When World Rugby made the change, Raiwalui, Fiji’s high performance manager at the time, was sceptical. He questioned the detrimental impact on youngsters who have come through the pathway system only to lose their place to returning stars. It is a similar view offered by Billy Vunipola when he has been asked if he would, one day, like to represent Tonga.

There is a tendency to lump the three Pacific island nations together but there are far more people in New Zealand who identify as having Samoan or Tongan heritage than Fijian. So it stands to reason the change would benefit Samoa and Tonga disproportionately while Fiji have selected a significantly higher percentage of homegrown players.

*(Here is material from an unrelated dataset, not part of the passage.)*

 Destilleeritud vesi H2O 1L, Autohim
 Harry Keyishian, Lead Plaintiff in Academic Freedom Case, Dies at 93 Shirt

It should also be said that not all tier two nations support the change or reap the benefits. Uruguay have described the move as a backwards step and have claimed that countries such as theirs are in effect being penalised for focusing their efforts on producing homegrown players. They question why Tonga and Samoa have been granted permission to pick All Blacks while Georgia, who continue to make strides based on domestic development, can not enter the Six Nations. In other words, those who have not properly invested in domestic development are being rewarded whereas those that have are not.

Moreover, rarely do law changes come without unintended consequences – in this case that tier one nations would take advantage. Samoa, Tonga, Romania and Namibia have all picked birthright players in their World Cup squads, but so, too, have Wales (Henry Thomas), Scotland (Jack Dempsey) and South Africa (Jean Kleyn).

You can hardly fault Warren Gatland, Gregor Townsend or Jacques Nienaber for taking advantage of the laws as they are now written, nor those players for accepting a route back into Test rugby. But it does not sit well that Wales, Scotland and South Africa are picking up cast-offs from England, Australia and Ireland, respectively. The law change was not intended to give them quick fixes in problem positions rather than encourage them to develop depth themselves.

The example of Kleyn sticks in the craw for two reasons. First, South Africa voted against the law change. Second, he is a classic example of a “project player”, someone recruited by Ireland when on the fringes of the Springboks setup with the explicit intention that they would qualify on residency grounds soon enough.

Kleyn won five caps for Ireland, in the buildup to and at the 2019 World Cup, and there is every chance he faces his former country in France given they and South Africa are in the same pool.

Increasingly, the law change comes to be seen as flawed. It bolsters Tonga and Samoa and therefore makes for a more competitive World Cup but it does little for wider or more long-term development and it is being exploited by bigger countries.

If the mouth waters at the prospect of Piutau leading the charge for Tonga then equally, there is a sour taste to that of Kleyn in action for the Springboks. Or that teams such as Uruguay feel so disadvantaged by World Rugby’s change.

Upsets by Samoa or Tonga could set the World Cup alight but the eligibility changes must not be seen as a short cut for sustained change.